Künstler von internationalem Rang wie Markus Lüpertz, Richard Jackson und Ai Weiwei zeigen im Alten Gefängnis in Wittenberg ab diesem Freitag (19. Mai) Werke, die sich auf Ideen der Reformation beziehen. An der Ausstellung „Luther und die Avantgarde“, die bis zum 17. September zu sehen ist, beteiligten sich 66 Maler, Bilderhauer und Konzeptkünstler, die teils ganze Zellen neu gestalteten.

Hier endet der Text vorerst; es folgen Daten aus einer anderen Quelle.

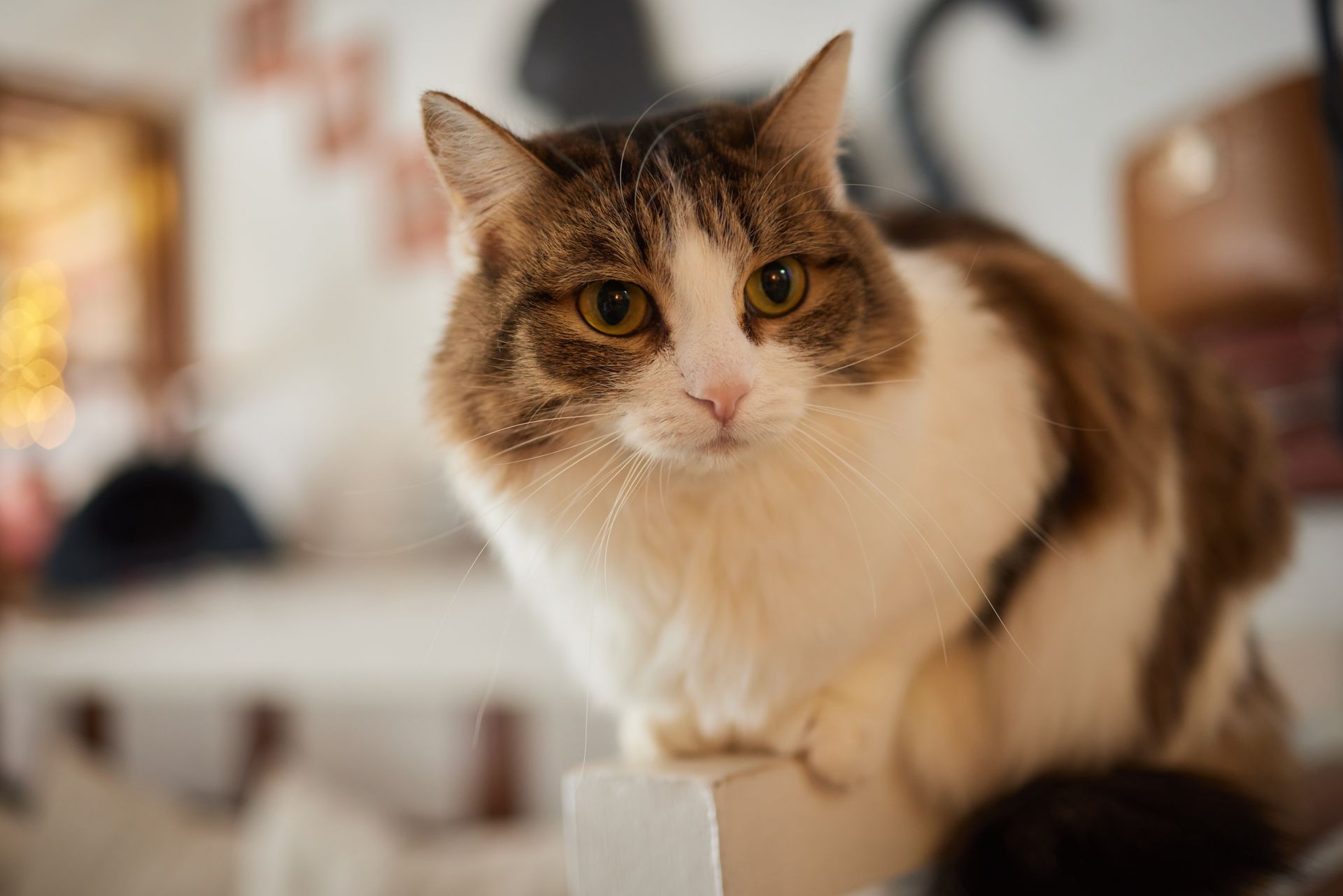 Cat Yellow Gums or Eyes | Jaundice Evaluation in Akron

Sie hätten „diesen Negativort verwandelt und die kargen feuchten Zellen, an denen Schicksale stattgefunden haben, zu einem Ort der Kunst gemacht, an den man gerne geht“, sagte Ausstellungsmacher Walter Smerling.

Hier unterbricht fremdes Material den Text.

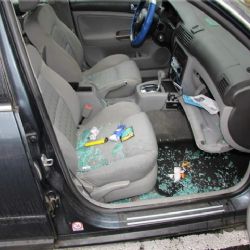 Chebsko: Kradl stále dokola. Nyní spadla klec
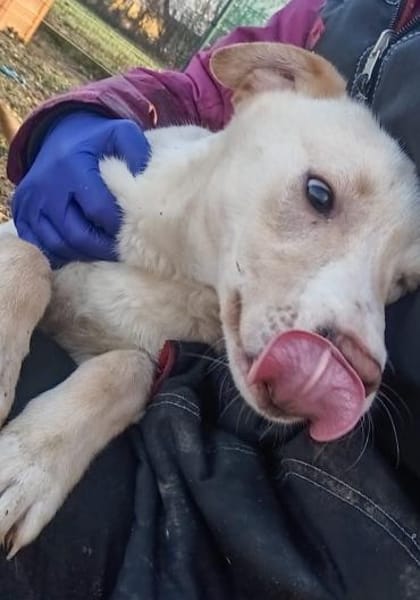 Saci, die liebe Maus wurde ausgesetzt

Zur Annäherung gehören Themen wie Freiheit, Widerstand und Anpassung. Bereits auf dem Weg zum Alten Gefängnis in der Altstadt fallen Litfaßsäulen auf. Darauf sind Verschmelzungen jugendlicher Körper mit Fotos bekannter Menschen zu sehen: Rosa Luxemburg, Simone de Beauvoir, Oskar Schindler. Die Namen stehen aus der Perspektive junger Menschen, die Johanna Reich zu ihren Vorbildern befragt hat, für „Resistance“ (Widerstand).
Vor dem Hofportal zum Gefängnis dann eine lebendige Frau in Schwarz auf einem schwindelnd hohen Pfeiler aus Holz: Ein Versuch der Russin Olya Kroytor, Stabilitätssuche in einer sich stets wandelnden Wirklichkeit auszudrücken, wie es auf einer Erklärtafel heißt.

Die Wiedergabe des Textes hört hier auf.